United States District Court, District of Nevada
Apr 21, 2023
3:14-cr-00069-MMD-WGC (D. Nev. Apr. 21, 2023)

Opinion

3:14-cr-00069-MMD-WGC 3:20- cv-00437-MMD

04-21-2023

UNITED STATES OF AMERICA, Plaintiff, v. DAVID ROBERT GARNETT, Defendant.


ORDER

MIRANDA M. DU CHIEF UNITED STATES DISTRICT JUDGE

I. SUMMARY

On February 25, 2016, the jury returned a guilty verdict against Defendant David Robert Garnett on two counts of kidnapping and one count of transportation of a minor for the purpose of illegal sexual activity. (ECF No. 222.) Defendant had elected to represent himself and was appointed stand-by counsel, Dennis Cameron, for the trial. (ECF Nos. 80, 159.) Before sentencing, the Court permitted stand-by counsel to withdraw, and at Garnett's request, appointed counsel to represent him for the remainder of the proceedings. (ECF No. 250.) Defendant appealed (ECF No. 297) and the Court of Appeals affirmed (ECF No. 316). Before the Court is Garnett's motion under 28 U.S.C. § 2255 to vacate, set aside or correct a sentence (“Motion”). (ECF No. 402.) As further explained below, the Court agrees with the government that Garnett is not entitled to relief under Section 2255 and will therefore deny the Motion.

The Court recently granted Defendant's motion to amend the judgment to add his true name, David Robert Garnett. (ECF No. 422.)

The government filed a response (ECF No. 408) and Defendant filed a reply (ECF No. 420).

II. BACKGROUND

A. Indictment and Conviction

Garnett was indicted on September 17, 2014, though the grand jury then issued a superseding indictment on July 22, 2015. (ECF Nos. 2, 65.) The superseding indictment charged Garnett with two counts of kidnapping in violation of 18 U.S.C. § 1201 and one count of transportation of a minor for purpose of illegal sexual activity in violation of 18 U.S.C. § 2423(a). (ECF No. 65.) The Court permitted Defendant to represent himself at trial, but appointed stand-by counsel to assist. (ECF No. 159.)
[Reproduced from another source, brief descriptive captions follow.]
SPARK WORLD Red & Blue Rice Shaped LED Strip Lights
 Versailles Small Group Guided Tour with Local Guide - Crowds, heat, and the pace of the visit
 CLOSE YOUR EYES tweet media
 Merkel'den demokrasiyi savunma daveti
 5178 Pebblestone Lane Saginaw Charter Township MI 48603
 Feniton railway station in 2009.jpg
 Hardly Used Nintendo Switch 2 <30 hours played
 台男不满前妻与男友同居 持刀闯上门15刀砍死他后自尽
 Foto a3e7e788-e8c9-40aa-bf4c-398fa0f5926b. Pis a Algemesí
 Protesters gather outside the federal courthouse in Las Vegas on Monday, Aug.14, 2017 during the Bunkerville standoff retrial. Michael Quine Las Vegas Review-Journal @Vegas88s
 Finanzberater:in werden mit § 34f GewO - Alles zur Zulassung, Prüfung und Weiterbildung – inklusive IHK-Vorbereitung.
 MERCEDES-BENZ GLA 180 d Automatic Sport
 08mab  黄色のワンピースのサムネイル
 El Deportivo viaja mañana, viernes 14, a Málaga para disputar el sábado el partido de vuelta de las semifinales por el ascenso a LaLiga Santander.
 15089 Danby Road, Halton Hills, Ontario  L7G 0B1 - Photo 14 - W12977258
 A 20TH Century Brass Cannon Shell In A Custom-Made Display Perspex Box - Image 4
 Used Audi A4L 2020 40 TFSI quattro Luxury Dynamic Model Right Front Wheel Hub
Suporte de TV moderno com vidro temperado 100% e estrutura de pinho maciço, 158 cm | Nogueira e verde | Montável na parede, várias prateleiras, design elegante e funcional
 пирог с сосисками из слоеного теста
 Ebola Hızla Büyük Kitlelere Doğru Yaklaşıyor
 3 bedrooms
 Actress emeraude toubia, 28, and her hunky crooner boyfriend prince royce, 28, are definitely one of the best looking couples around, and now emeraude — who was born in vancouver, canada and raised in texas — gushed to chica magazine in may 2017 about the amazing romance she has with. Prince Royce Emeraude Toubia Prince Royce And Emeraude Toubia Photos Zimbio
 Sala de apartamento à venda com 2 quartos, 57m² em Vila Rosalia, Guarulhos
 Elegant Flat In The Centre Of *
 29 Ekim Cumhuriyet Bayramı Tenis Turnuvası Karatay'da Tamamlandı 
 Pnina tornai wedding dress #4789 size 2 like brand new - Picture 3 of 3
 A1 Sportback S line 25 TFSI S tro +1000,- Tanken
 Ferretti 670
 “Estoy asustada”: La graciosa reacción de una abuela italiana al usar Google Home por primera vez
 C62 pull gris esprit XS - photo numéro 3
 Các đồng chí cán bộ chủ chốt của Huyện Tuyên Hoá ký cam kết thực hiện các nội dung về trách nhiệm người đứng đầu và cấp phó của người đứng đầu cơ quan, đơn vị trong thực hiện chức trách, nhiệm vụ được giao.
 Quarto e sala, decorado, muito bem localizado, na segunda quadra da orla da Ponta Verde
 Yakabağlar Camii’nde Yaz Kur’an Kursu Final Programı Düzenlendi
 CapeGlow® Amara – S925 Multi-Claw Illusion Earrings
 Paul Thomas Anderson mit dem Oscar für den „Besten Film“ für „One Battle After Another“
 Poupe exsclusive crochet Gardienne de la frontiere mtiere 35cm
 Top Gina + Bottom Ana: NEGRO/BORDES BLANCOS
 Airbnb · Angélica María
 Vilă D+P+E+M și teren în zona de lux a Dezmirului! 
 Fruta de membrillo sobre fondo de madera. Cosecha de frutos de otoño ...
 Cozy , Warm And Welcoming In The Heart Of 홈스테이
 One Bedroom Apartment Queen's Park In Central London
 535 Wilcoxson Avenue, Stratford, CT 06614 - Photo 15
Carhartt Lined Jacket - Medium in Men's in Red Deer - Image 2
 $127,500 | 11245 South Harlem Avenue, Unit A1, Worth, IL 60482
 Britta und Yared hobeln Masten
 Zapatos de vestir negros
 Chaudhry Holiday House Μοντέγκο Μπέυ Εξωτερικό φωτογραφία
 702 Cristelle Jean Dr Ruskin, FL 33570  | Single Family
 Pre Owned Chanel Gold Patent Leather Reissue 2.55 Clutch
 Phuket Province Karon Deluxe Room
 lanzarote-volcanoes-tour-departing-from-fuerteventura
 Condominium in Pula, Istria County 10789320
Trial commenced on February 16, 2016. (ECF No. 207.) Defendant was convicted of all counts on February 25, 2016. (ECF No. 222.) The jury found Defendant had picked up two 15-year-old victims who were running away from home, and promised them a ride to Roseville, California, where one of them had family. However, over the course of the 10 days that they were with Defendant-between July 12, 2012, and July 22, 2012- Defendant was found to have used deception and threats to kidnap them, drive them to Nevada, and rape the female victim, A.R, before and after they arrived in Reno.

B. Post Conviction

After the trial, the Court granted Garnett's request for stand-by counsel to represent him. (ECF No. 273 at 127.) Before sentencing, the Court granted stand-by counsel's motion to withdraw (ECF No. 250), and appointed counsel to represent Defendant at his request (ECF No. 252; ECF No. 259). Defendant filed a counselled motion for a new trial (ECF No. 276), which the Court denied (ECF No. 290).

Defendant then pursued a direct appeal. (ECF No. 297.) The Ninth Circuit affirmed his conviction, rejecting seven arguments Defendant presented on appeal. (ECF No. 316.)

Defendant later filed a pro se second motion for new trial based on newly discovered evidence. (ECF No. 341.) The Court denied that motion (ECF No. 354), Defendant appealed the Court's denial of the motion (ECF No. 355), and the Ninth Circuit again affirmed (ECF No. 379).

The Court's order denying the motion for new trial recounted Defendant's repeated, unfounded complaints that he did not have access to relevant materials, resources, and witnesses to prepare for trial. (ECF No. 354 at 3-4, 7-9.)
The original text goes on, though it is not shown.